Kenya grapples with fake news as women, politicians take the hit

Kenya grapples with fake news as women, politicians take the hit

‘Forwarded as received’ is one of the most common statements on WhatsApp messages probably intended to quash any doubts in the recipient’s mind that it could be ‘Fake News’.

According to Dr. Jane Thuo, a lecturer at the University of Nairobi, social media has made it easier for spread of fake news by use of bait headlines.

“Last year, Kenya was downgraded because of the spread of fake news,” Dr. Thuo said citing a global ranking on internet freedom.

Another trend that has slowly become popular in Kenya is use of edited photos, videos or audio to either discredit the individual or the company; get monetary or political gains; for satire/parody or direct traffic to one’s website or blog.

“It is published with the intent to mislead…often with sensationalist, exaggerated or patently false headlines that grab attention,” a recent study by the Association of Women in Media Women in Kenya (AMWIK) says.

The research also affirms that such information can be very difficult to correct and may have lasting effects even after it is discredited as it may continue to influence beliefs and attitudes even after it is debunked.
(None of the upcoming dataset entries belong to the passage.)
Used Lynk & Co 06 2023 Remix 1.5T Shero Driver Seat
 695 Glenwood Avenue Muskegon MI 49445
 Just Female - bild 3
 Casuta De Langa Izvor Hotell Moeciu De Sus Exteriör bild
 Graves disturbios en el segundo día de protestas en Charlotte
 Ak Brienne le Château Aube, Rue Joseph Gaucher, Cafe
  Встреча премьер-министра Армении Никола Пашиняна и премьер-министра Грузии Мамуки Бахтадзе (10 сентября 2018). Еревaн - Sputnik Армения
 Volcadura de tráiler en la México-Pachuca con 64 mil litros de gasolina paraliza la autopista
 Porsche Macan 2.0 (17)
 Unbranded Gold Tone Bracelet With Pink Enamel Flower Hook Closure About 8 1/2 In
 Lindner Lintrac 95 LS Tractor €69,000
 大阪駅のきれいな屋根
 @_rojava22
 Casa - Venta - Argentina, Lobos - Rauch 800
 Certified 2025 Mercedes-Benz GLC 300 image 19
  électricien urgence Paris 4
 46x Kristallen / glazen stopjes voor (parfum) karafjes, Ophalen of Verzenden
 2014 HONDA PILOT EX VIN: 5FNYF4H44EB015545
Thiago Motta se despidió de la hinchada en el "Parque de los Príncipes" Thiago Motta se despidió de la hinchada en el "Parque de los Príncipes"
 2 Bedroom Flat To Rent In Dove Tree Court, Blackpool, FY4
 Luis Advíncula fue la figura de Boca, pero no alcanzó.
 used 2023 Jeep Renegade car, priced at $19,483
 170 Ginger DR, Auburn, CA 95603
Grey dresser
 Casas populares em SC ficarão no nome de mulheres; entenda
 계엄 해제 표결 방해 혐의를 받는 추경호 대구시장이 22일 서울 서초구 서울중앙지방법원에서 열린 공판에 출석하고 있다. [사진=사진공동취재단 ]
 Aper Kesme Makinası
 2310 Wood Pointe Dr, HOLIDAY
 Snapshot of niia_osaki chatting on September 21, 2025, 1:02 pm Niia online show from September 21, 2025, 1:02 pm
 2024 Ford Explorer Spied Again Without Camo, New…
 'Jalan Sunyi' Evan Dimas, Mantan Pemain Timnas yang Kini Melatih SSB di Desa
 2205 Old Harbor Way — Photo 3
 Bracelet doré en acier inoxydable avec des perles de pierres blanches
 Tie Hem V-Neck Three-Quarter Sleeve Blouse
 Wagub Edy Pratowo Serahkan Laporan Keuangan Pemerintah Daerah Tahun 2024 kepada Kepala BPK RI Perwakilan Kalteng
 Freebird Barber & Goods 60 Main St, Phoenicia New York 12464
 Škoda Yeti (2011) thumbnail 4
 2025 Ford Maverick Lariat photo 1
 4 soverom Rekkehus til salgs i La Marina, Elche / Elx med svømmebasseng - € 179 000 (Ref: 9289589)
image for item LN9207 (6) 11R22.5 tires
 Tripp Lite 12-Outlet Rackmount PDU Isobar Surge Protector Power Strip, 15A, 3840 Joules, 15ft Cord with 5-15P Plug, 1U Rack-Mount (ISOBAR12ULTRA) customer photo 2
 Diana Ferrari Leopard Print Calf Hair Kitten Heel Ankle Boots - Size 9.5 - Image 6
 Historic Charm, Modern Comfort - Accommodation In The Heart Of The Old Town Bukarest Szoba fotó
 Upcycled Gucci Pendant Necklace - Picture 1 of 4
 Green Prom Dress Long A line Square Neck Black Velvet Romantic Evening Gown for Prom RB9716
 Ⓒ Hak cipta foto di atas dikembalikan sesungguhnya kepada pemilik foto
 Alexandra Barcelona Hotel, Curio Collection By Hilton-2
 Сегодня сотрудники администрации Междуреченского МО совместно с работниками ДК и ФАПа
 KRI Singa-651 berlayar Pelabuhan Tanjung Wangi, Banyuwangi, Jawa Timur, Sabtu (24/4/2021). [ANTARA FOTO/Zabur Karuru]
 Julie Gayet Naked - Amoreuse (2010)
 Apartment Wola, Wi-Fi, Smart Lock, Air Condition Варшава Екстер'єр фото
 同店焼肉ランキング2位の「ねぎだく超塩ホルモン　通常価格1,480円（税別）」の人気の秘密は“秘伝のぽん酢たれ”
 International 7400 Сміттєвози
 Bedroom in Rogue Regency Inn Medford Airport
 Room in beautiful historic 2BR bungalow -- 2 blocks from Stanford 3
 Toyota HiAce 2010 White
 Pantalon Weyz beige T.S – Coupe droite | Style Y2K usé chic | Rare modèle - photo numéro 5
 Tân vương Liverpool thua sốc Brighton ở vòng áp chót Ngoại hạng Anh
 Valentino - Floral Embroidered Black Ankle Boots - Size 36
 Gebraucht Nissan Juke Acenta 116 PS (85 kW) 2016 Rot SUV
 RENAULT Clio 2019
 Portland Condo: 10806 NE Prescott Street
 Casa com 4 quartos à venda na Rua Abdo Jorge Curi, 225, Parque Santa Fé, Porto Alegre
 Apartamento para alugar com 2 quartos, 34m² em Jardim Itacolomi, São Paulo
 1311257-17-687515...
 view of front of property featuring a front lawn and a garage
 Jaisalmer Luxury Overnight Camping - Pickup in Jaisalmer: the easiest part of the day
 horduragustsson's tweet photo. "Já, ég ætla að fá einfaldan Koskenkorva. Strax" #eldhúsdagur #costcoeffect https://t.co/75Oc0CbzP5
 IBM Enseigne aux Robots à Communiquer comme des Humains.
On Tuesday, AWMIK in partnership with Heinrich Böll Stiftung, a German political foundation, held a forum with panelists from local universities, Media Council of Kenya (MCK) and journalists to underscore effects of fake news in Kenya.

When asked to define fake news, Victor Bwire, Head of Media Development and Strategy at MCK, said though the term is an oxymoron it is the biggest challenge facing media houses across the world.

— DUKE OF ISIOLO (KHK) (@Happy_kulayo) May 10, 2019

“Once it is fake, it cannot be news. News is verifiable information but the issue of propaganda is real, and it is nothing new,” he said.

The difference between what we call fake news and journalistic errors is the motive. In the case of fake news, someone intentionally generates false information with a business or political motive.”

According to him, people knowingly spread misinformation on Whatsapp, Facebook, Twitter, Instagram and other platforms without verifying the source or authenticity.

A recent report from the BBC revealed that Kenyans and Nigerians ‘underestimate their ability to spot fake news’ and mostly share it because emotion trumps reason, to get validation (being the first to share news amongst friends) and even out of a false sense of civic duty.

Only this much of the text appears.